** AVAILABLE DATA **
++++++++++

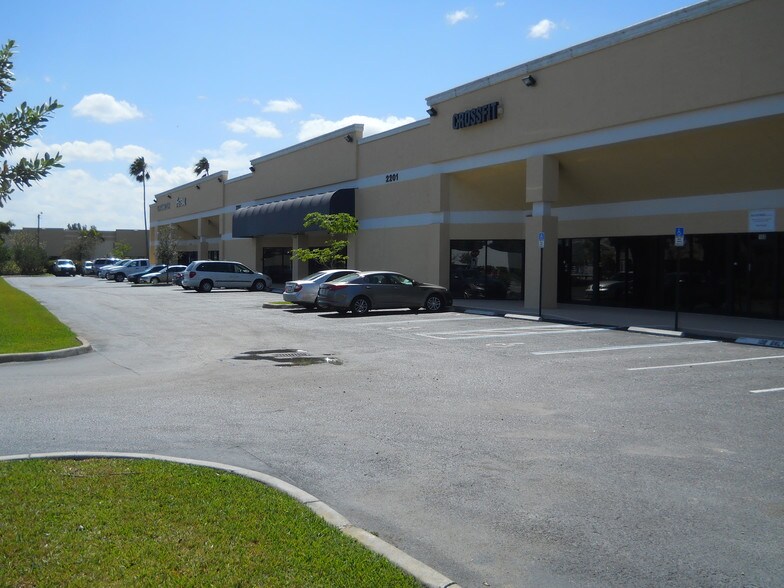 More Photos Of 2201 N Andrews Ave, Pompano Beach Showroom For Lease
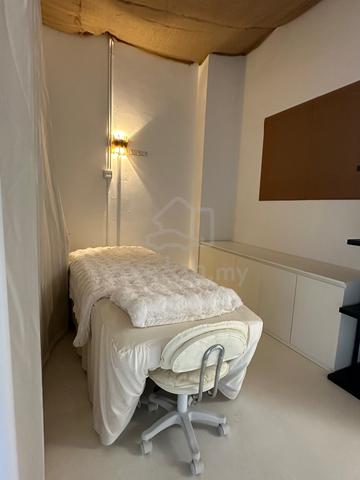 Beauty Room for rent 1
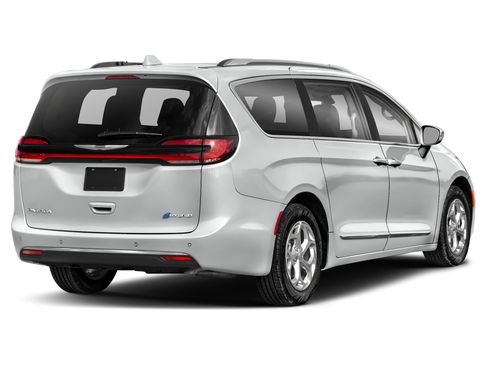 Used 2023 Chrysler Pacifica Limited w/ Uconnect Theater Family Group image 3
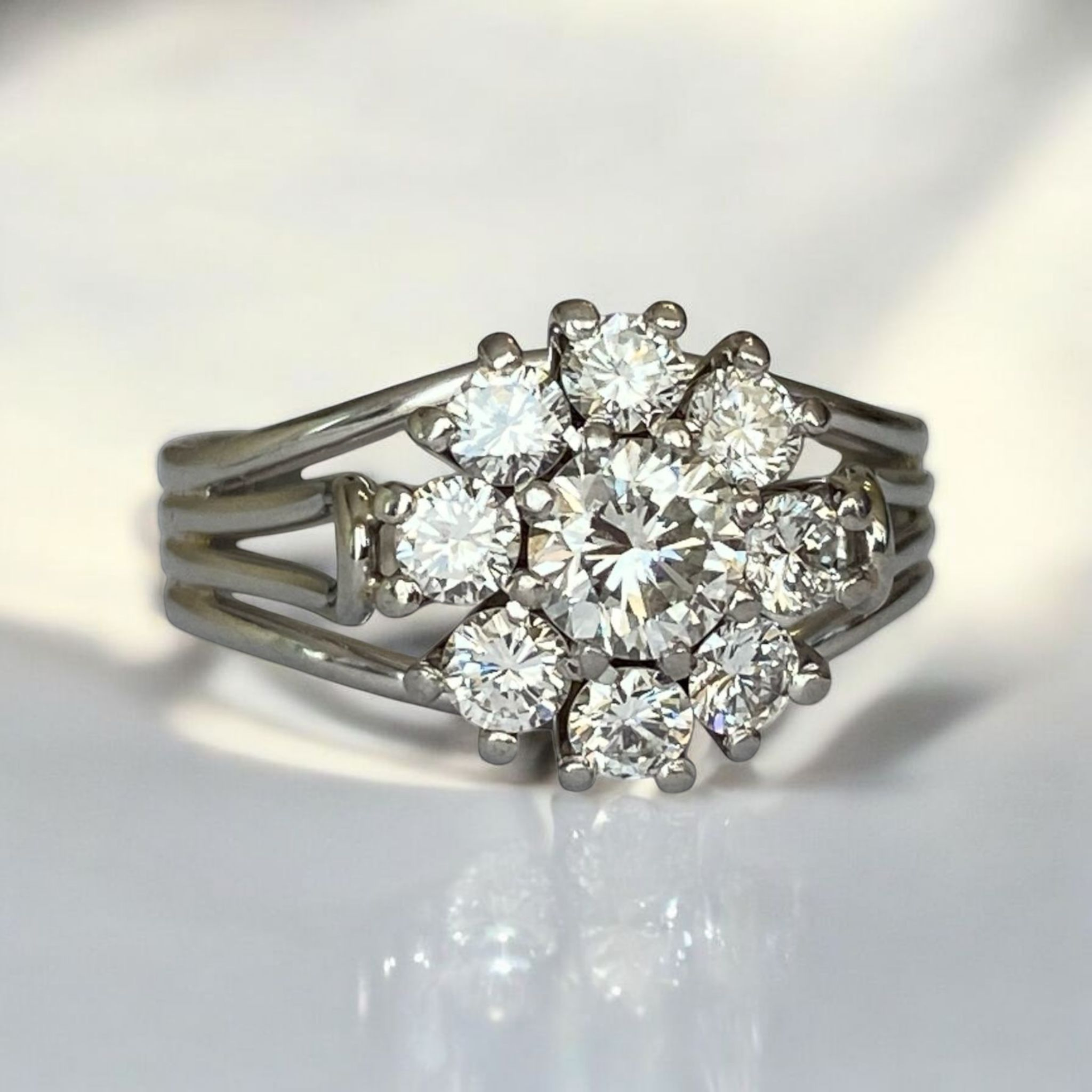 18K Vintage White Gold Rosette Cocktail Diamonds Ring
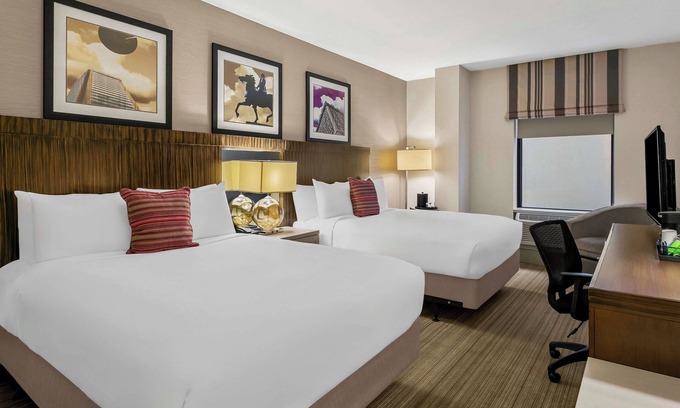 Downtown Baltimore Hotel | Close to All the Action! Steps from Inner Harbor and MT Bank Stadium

++++++++++

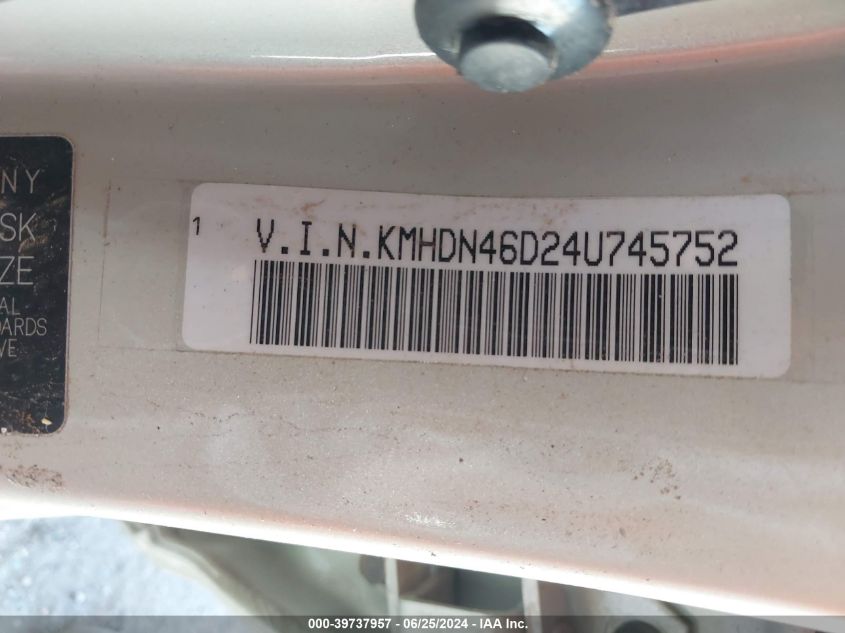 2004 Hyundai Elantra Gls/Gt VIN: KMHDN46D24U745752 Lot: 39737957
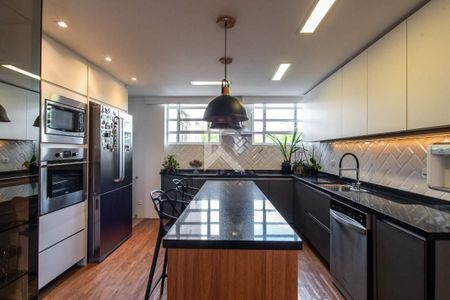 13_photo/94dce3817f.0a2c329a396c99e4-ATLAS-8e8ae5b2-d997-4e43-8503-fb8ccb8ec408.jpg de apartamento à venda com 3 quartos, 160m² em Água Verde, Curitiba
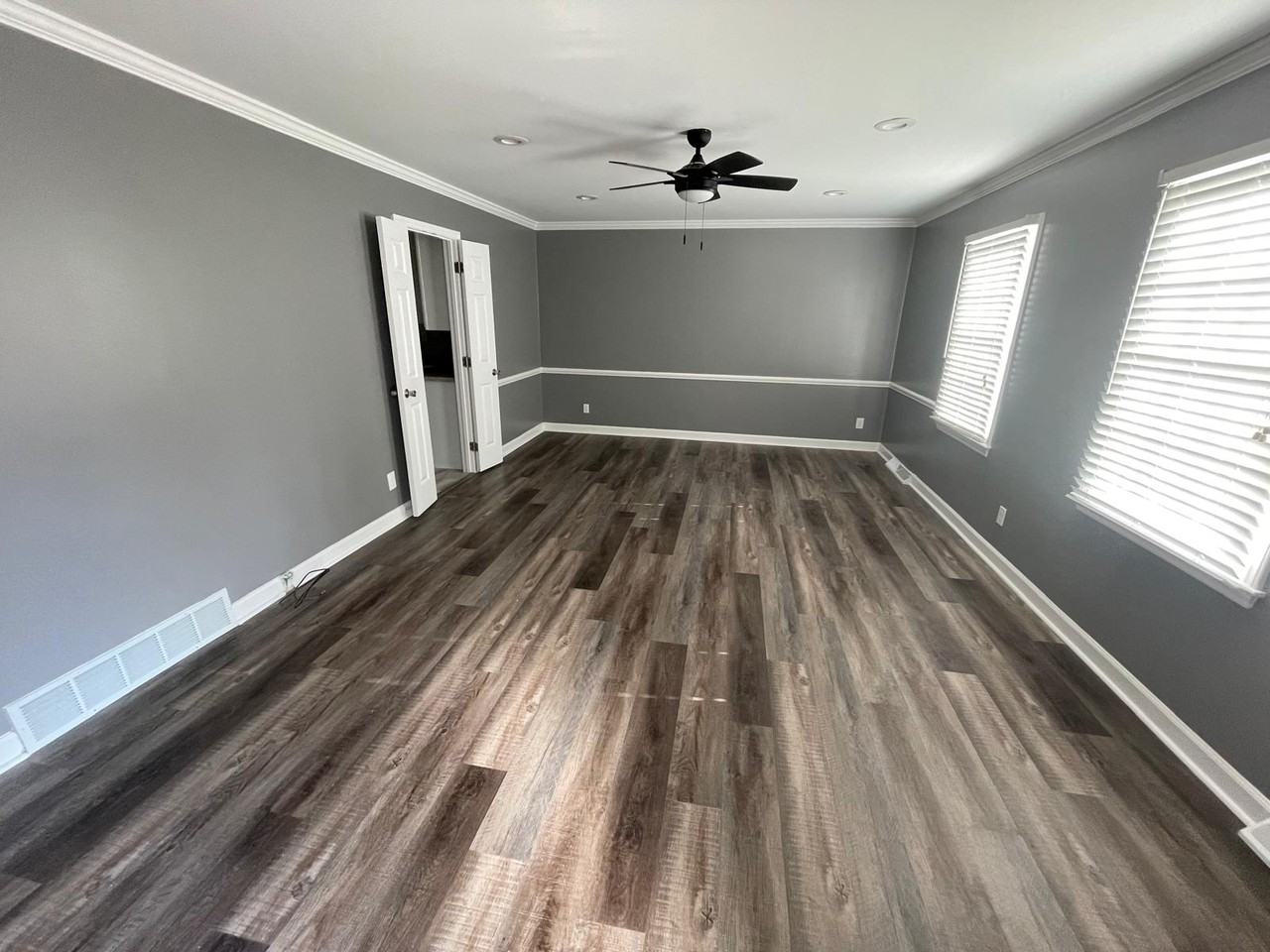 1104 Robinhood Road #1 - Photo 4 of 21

++++++++++

** WORK TASK **
What's needed is an exact copy of the records above from the line containing "More Photos Of" down to the line containing "Downtown Baltimore Hotel", both included, without any pictures.

** EXPECTED ANSWER **
 More Photos Of 2201 N Andrews Ave, Pompano Beach Showroom For Lease
 Beauty Room for rent 1
 Used 2023 Chrysler Pacifica Limited w/ Uconnect Theater Family Group image 3
 18K Vintage White Gold Rosette Cocktail Diamonds Ring
 Downtown Baltimore Hotel | Close to All the Action! Steps from Inner Harbor and MT Bank Stadium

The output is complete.